Five-year survival does not significantly differ between immediate and delayed coronary angiography in patients resuscitated from out-of-hospital cardiac arrest (OHCA) without ST-segment elevation, reports a recent study.
This trial was conducted in 19 Dutch centres and enrolled 552 OHCA patients with an initial shockable rhythm and no ST-segment elevation on initial electrocardiography after return of spontaneous circulation. Structured telephone interviews were conducted at 5-year follow-up.
Of the patients, 514 (93.1 percent) had available data at year 5. Among those with available data, 261 (50.8 percent) received immediate angiography, while 253 (49.2 percent) had a delayed approach. Baseline characteristics were comparable between the two treatment groups.

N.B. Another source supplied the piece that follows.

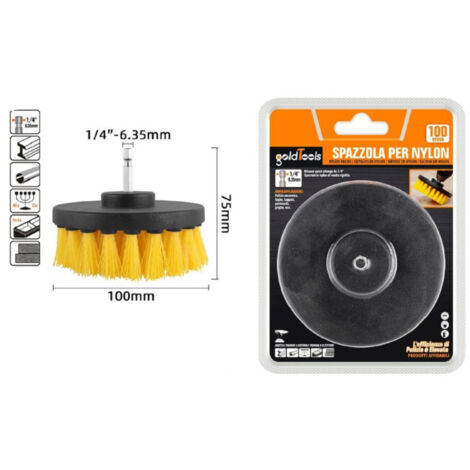 Brosse Nylon 100mm 1/4" Attachement Perceuse Rotative Electrique Pour Nettoyage 57239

Five years after the index hospitalization, 143 patients (54.8 percent) in the immediate angiography group and 131 (51.8 percent) in the delayed angiography group were alive (hazard ratio [HR], 0.95, 95 percent confidence interval [CI], 0.74–1.23; p=0.072).
A nonprespecified and exploratory landmark analysis revealed a survival benefit after 90 days (HR for death to 90 days, 1.11, 95 percent CI, 0.84–1.49; p=0.46; HR for death >90 days, 0.56, 95 percent CI, 0.32–0.97; p=0.04).

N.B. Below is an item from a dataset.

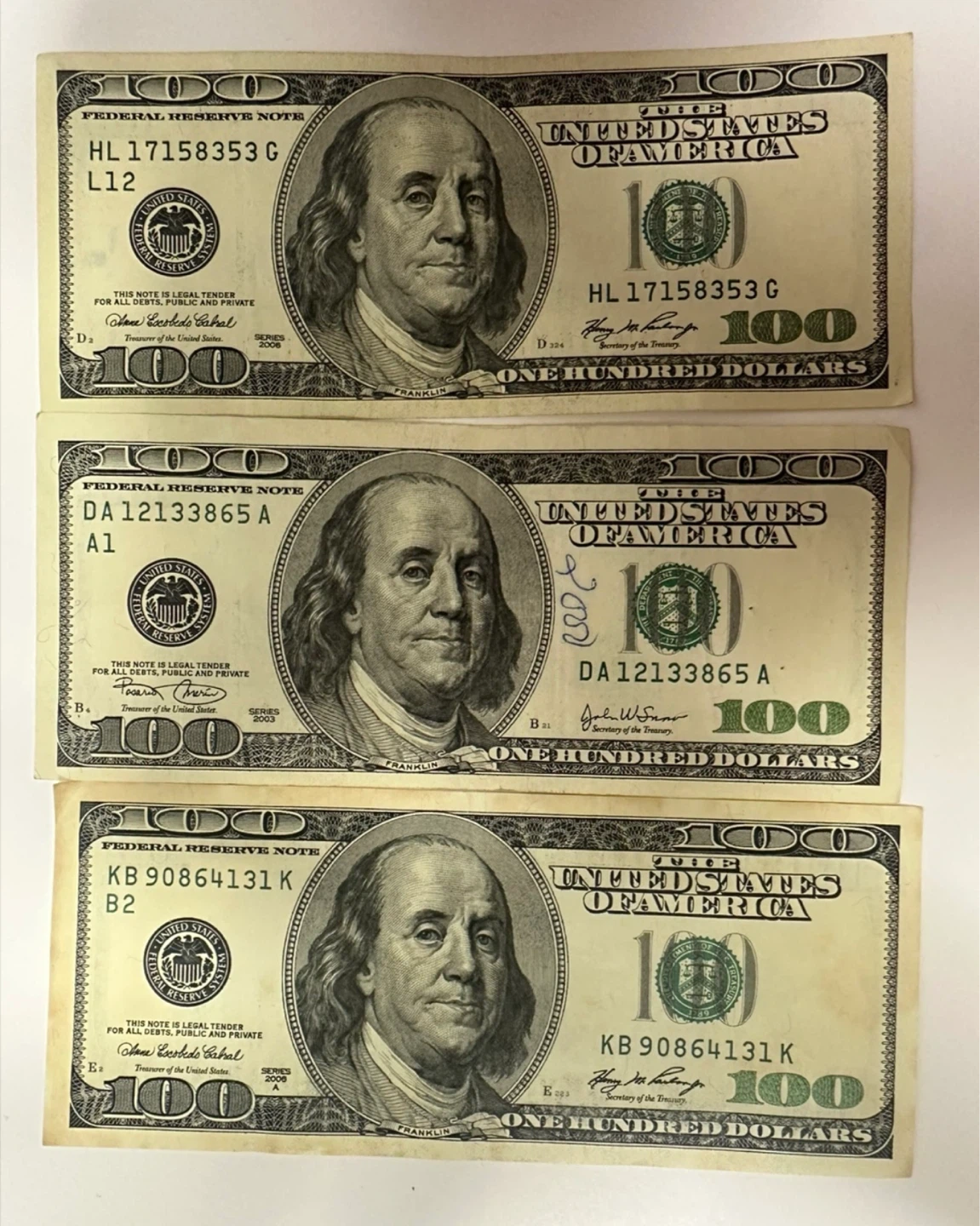 미 달러 300달러(구권)일괄 교환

Furthermore, the rates of myocardial infarction, heart failure-related hospitalization, and revascularization were low and did not significantly differ between treatment groups.
“At 5 years, survival was comparable between immediate and delayed angiography, with no clear benefit or harm,” the authors said. “A late survival benefit appeared after 90 days, though its clinical significance remains uncertain and most likely is due to chance.”